**Supplied entries**
——

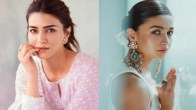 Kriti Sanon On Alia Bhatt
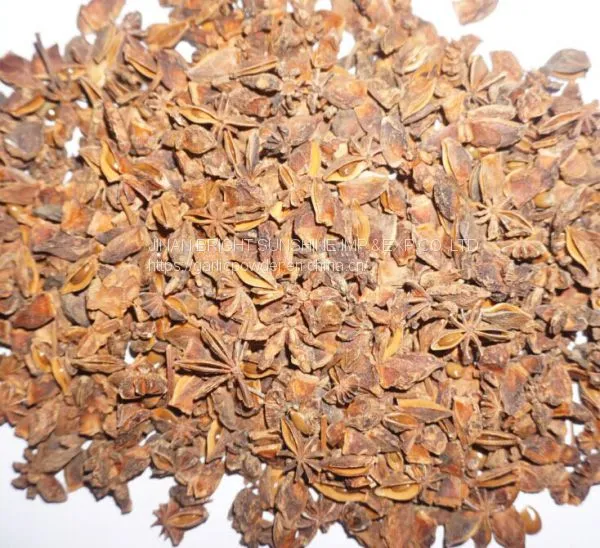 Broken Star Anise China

——

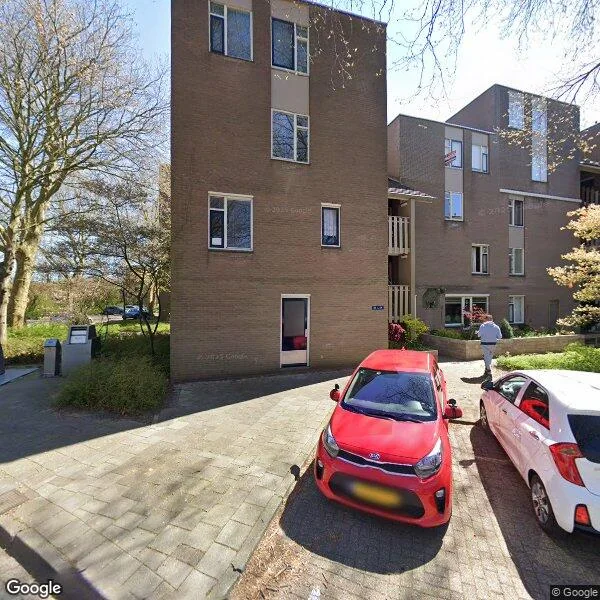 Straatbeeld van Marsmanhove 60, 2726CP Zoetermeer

——

**How to complete this task**
Copy only these lines from the records above, exactly: the one with "Kriti Sanon On Alia Bhatt", the one with "Broken Star Anise China", and those between. Skip the pictures.

**Result**
 Kriti Sanon On Alia Bhatt
 Broken Star Anise China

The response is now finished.